### EXERCISE
Your copy should begin with the line containing "Fashion Men Ripped", end with the line containing "RAK Ceramics Joy", match the listing below exactly, and contain no pictures.

### THE DATA
§ §

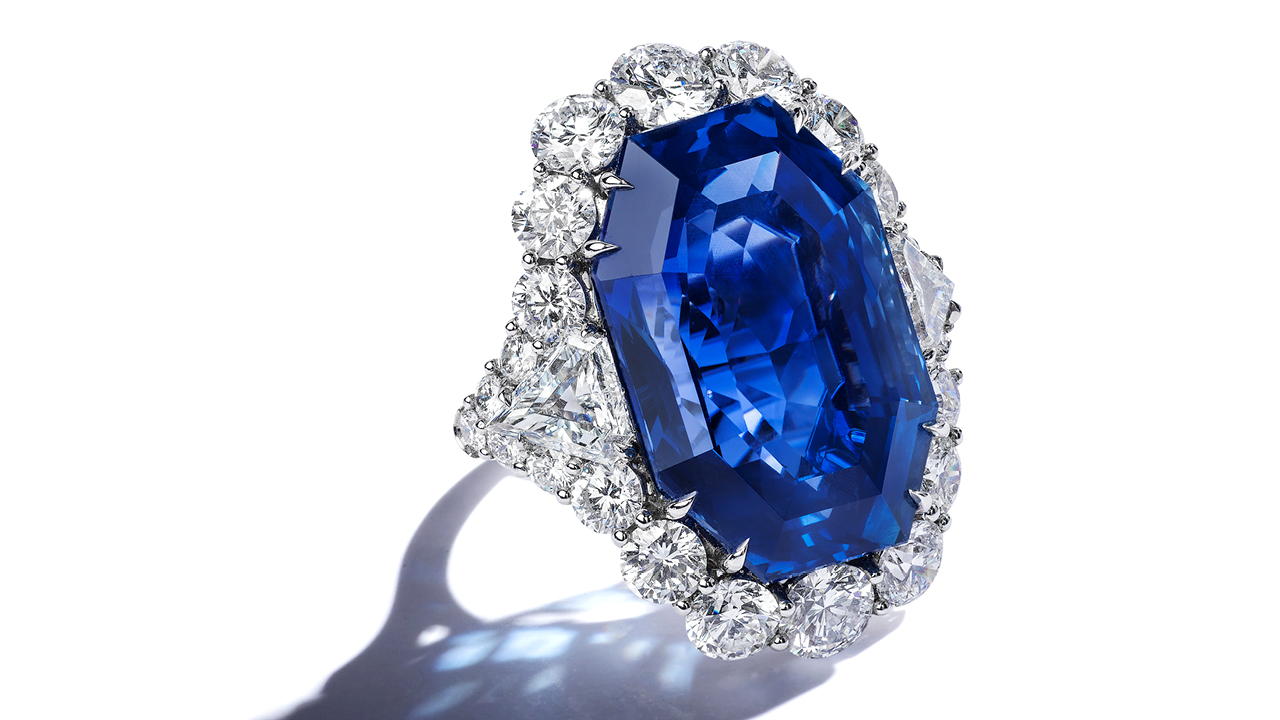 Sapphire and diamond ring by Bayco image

§ §

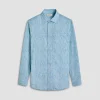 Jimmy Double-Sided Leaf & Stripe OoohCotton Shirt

§ §

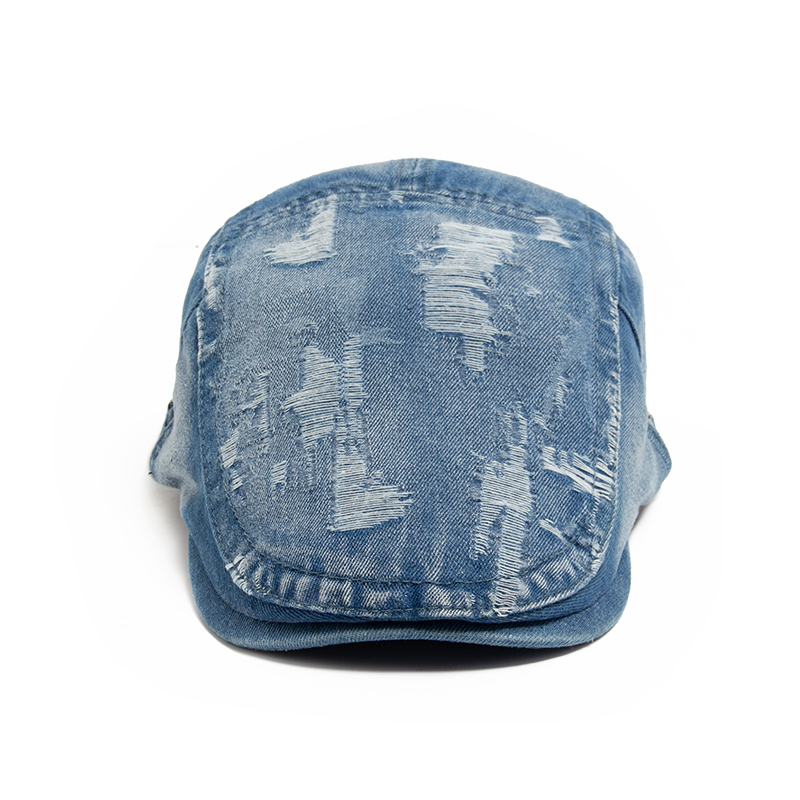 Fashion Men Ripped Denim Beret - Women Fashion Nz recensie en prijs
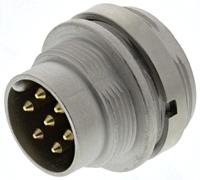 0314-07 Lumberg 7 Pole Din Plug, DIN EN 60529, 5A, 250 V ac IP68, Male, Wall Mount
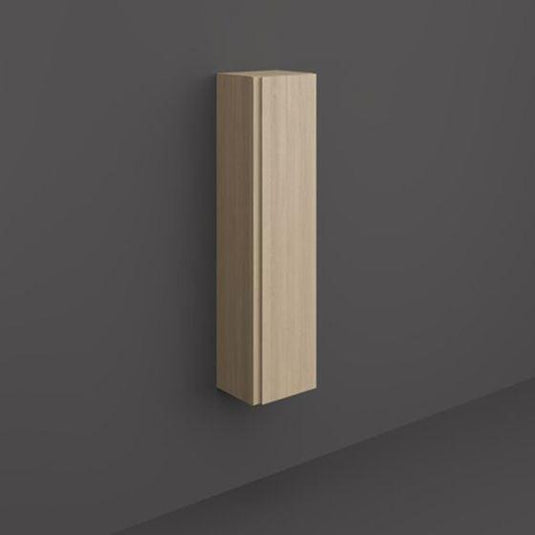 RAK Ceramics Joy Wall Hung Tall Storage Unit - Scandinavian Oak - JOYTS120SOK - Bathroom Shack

§ §

### EXERCISE ANSWER
 Fashion Men Ripped Denim Beret - Women Fashion Nz recensie en prijs
 0314-07 Lumberg 7 Pole Din Plug, DIN EN 60529, 5A, 250 V ac IP68, Male, Wall Mount
 RAK Ceramics Joy Wall Hung Tall Storage Unit - Scandinavian Oak - JOYTS120SOK - Bathroom Shack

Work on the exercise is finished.